> [SUPPLIED RECORDS]:
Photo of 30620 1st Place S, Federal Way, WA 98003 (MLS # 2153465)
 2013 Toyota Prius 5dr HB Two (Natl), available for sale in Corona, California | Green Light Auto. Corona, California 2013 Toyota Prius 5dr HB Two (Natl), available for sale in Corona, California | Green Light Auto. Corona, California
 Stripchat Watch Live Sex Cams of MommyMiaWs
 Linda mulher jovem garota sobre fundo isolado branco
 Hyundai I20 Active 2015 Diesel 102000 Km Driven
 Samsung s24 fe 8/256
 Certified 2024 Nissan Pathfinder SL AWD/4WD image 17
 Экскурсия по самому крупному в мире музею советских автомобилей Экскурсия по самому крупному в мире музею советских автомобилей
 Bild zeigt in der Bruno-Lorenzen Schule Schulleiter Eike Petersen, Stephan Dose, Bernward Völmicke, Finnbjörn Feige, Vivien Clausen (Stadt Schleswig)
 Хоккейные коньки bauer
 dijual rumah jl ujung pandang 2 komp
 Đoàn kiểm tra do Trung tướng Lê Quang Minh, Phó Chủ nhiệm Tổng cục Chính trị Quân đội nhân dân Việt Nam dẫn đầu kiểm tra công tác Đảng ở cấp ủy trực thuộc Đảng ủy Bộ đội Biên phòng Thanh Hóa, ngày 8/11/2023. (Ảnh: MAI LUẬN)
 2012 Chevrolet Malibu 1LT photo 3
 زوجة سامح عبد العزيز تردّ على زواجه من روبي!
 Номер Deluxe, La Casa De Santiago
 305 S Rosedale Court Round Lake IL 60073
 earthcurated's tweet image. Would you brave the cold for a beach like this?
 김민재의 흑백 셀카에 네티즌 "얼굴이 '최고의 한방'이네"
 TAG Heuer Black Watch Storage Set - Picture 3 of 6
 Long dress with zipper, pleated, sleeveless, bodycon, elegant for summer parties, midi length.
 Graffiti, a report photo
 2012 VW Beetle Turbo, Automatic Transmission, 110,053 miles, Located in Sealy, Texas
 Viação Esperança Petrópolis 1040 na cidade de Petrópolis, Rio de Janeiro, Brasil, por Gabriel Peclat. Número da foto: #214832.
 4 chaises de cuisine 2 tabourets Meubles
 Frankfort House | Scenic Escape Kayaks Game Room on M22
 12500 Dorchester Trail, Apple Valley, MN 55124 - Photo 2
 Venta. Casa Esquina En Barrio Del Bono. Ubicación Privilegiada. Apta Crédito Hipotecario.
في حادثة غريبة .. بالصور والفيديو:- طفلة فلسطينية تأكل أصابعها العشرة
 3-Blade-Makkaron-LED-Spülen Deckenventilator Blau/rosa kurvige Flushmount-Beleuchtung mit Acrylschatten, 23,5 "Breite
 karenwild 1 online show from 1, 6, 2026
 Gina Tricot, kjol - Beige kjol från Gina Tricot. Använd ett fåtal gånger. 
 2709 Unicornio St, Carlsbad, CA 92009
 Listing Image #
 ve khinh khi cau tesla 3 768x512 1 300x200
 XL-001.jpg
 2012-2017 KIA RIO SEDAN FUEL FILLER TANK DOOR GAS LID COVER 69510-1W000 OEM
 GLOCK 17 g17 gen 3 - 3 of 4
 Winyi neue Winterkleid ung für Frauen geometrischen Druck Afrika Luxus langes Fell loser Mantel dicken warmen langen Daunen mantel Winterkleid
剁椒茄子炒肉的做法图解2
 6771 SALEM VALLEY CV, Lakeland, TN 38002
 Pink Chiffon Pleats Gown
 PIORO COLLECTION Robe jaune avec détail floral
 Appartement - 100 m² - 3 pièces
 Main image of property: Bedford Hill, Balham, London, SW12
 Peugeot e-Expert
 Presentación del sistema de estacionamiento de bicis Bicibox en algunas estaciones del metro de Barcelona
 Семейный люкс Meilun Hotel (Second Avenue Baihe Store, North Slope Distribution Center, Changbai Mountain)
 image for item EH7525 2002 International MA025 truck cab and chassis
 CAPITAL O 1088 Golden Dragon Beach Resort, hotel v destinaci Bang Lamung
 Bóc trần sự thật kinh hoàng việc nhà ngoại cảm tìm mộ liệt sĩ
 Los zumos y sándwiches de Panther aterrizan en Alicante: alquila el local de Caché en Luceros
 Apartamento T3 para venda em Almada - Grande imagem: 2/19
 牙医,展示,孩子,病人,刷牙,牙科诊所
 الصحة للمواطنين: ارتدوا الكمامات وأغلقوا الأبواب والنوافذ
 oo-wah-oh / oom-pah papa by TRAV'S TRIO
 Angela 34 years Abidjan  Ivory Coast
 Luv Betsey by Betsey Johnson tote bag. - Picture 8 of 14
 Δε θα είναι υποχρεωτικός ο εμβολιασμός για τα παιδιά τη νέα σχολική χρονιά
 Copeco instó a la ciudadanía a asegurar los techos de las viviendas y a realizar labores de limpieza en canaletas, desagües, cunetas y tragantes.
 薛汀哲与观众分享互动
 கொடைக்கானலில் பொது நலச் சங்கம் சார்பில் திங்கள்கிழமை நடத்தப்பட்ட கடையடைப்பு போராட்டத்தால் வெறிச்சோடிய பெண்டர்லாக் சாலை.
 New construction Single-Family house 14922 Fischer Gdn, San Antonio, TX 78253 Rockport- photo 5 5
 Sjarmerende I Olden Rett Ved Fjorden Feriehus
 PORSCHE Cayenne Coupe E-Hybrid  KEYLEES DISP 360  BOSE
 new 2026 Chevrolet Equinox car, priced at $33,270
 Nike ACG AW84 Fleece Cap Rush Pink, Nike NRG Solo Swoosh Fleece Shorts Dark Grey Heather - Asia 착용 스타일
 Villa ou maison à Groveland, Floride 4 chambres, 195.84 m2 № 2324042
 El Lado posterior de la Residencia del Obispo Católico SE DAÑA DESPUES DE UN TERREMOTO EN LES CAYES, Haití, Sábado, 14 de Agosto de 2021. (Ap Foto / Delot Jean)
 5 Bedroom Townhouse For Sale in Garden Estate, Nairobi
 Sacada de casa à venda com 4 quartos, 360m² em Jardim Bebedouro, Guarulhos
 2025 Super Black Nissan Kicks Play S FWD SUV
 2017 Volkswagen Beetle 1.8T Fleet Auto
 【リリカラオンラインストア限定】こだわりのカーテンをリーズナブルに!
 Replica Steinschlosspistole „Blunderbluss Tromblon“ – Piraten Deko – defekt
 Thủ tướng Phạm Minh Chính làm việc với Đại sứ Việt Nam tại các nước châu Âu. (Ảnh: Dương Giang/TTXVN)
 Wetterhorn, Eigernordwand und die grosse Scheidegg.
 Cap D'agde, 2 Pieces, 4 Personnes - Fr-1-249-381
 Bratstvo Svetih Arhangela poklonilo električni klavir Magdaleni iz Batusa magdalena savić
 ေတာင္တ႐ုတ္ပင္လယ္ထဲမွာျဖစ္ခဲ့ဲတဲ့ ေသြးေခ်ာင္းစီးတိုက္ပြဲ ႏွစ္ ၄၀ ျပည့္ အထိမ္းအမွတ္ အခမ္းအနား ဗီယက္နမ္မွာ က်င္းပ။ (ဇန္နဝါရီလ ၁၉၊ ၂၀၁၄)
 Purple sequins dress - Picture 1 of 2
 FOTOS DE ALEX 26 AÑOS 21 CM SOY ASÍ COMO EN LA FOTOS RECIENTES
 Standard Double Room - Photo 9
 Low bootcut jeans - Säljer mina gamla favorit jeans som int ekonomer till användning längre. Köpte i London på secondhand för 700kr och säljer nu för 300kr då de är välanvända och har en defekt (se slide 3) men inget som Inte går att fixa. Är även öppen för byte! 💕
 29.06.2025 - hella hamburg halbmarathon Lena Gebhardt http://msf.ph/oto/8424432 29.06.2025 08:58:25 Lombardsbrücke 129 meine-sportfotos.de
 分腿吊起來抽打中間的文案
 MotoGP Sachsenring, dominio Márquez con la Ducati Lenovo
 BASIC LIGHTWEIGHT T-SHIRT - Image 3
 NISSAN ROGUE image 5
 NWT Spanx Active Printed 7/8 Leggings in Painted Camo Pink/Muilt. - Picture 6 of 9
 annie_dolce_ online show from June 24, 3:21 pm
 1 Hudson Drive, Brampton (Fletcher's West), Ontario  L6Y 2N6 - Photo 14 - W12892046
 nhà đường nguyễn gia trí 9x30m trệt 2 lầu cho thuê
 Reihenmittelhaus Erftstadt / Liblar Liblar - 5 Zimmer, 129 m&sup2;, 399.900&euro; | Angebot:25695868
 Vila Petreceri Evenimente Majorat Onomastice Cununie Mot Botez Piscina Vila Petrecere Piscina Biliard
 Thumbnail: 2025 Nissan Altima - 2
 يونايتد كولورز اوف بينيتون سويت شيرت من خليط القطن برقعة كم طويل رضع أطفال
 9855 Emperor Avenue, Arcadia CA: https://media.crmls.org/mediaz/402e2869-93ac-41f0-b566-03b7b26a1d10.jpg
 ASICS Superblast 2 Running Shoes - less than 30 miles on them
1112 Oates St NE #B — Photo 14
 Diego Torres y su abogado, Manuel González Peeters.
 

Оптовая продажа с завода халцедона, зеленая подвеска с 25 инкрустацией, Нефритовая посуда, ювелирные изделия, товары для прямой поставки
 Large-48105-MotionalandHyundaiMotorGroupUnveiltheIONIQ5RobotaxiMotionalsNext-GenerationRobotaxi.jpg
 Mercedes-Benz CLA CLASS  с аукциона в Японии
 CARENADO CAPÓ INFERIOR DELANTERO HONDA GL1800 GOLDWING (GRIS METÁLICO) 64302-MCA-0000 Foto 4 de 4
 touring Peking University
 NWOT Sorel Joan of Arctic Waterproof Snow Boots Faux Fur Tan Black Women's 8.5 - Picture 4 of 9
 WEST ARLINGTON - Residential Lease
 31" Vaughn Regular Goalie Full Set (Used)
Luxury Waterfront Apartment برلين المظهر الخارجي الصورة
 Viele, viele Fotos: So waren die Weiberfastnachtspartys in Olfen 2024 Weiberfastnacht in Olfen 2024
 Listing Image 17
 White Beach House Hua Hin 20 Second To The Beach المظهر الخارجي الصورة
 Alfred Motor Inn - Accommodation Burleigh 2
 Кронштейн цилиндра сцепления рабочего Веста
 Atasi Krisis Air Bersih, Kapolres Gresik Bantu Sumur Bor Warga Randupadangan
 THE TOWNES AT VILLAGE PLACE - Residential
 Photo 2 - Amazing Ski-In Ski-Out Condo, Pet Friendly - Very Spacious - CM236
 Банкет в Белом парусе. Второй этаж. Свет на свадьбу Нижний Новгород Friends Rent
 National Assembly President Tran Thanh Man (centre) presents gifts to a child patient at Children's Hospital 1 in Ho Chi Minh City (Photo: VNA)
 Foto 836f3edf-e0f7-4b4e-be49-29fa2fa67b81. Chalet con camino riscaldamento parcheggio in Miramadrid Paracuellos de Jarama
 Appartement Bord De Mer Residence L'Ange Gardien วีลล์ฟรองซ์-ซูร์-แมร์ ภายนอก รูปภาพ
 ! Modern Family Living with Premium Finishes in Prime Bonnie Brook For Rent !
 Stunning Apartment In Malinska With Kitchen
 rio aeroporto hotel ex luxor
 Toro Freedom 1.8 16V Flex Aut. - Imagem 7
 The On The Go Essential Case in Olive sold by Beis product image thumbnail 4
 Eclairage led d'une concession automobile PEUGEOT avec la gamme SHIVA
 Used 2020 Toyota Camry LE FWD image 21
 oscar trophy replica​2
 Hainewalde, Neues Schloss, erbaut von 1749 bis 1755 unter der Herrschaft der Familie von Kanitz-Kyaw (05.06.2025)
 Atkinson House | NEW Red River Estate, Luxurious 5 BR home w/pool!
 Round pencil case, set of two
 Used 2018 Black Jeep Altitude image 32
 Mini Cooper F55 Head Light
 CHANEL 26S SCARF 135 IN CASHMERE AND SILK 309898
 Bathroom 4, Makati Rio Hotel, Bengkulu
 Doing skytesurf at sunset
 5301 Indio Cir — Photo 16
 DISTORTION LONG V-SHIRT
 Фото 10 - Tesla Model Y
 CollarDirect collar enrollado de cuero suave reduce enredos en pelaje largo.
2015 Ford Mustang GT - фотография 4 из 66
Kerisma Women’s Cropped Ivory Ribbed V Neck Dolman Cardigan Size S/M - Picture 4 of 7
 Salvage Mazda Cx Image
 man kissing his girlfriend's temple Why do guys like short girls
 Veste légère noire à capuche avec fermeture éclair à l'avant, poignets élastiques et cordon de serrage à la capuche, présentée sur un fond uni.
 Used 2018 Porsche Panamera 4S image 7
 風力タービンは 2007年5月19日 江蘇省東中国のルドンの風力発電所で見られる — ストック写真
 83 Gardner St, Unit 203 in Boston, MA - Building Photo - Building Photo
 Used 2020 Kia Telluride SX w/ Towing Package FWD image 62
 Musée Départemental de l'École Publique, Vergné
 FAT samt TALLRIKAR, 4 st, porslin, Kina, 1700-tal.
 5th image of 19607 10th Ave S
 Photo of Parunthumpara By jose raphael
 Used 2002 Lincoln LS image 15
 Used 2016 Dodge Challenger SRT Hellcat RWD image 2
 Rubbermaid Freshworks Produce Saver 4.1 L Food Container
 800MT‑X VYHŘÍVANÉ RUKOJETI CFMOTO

> [EXERCISE DETAILS]: Which lines of the listing contain the word "Estate"? Copy each of them.

> [OUTPUT BELOW]:
 5 Bedroom Townhouse For Sale in Garden Estate, Nairobi
 Atkinson House | NEW Red River Estate, Luxurious 5 BR home w/pool!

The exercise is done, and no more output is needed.